Hudson Reporter Archive

Hoboken schools need a clear strategic plan

Dear Editor:
As a candidate for the Board of Education, I realize the serious obligations that come with being a trustee. Those responsibilities start with leadership that sets a clear and understandable course for the school district. According to state law, the responsibilities for the BOE are threefold – policy-making, budget-making and choosing the superintendent to head up district operations. In execution of all three areas, the BOE member has a responsibility to follow a common course, which would then provide the public, students and staff a sense of stability that promotes confidence and better execution.
In my time in Hoboken, this utopian ideal has not occurred. Instead, various interest groups lobby effectively to promote individual agendas that stalemate the rudderless board. Valuable educational opportunities are missed, since a clear strategic plan for the Hoboken Public Schools moving progressively into the future is seldom part of the public discussion. Instead, we are treated to endless meetings about individual needs and a laundry list of line item approvals. These types of meetings only confirm the public opinion that public school management is an out-of-control bureaucracy needing serious overhaul.
In my experience with three children who have all attended the Hoboken Public Schools, nothing could be further from the truth. The schools’ staff provides a wide-range of educational opportunities and extracurricular activities that benefit not only the students, but also Hoboken as a community.

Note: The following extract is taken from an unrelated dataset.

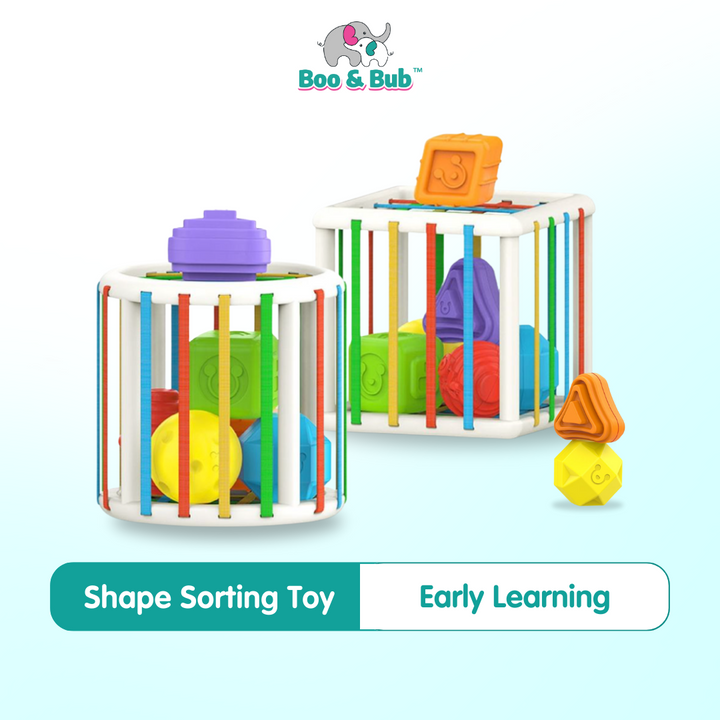 Shape Sorting Toy | Motor Skill Touch Grasp Toy Color Cognition Sensory Toy Kids Cube Montessori Educational Baby - Boo & Bub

My running-mates, Kyelia Colon and Patricia Waiters, and I agree that the future will be molded by a plan that takes the best of our school system and reaches out to the community to form partnerships that increase educational value for the students and also increase the return on the taxpayers’ dollars. That’s what makes our partnership unique in this election. Since we represent a wide-range of Hoboken communities, we are capable of reaching into those communities, listening and evaluating those needs, and then planning a strategy that will result in a dynamic growth in educational opportunity for our children.
Board of Education members are called trustees, because they are entrusted with guiding our most precious possession – our children. Through the education of our children, we build our community and safeguard our future. In these difficult times, Hoboken deserves trustees that listen, analyze and lead with a firm sense of direction. That kind of leadership is nimble and courageous in tough times like these, and always insightful and inventive when planning the future.
For a bright and dynamic future, vote 3B, 6A, and 9A on Tuesday, April 20.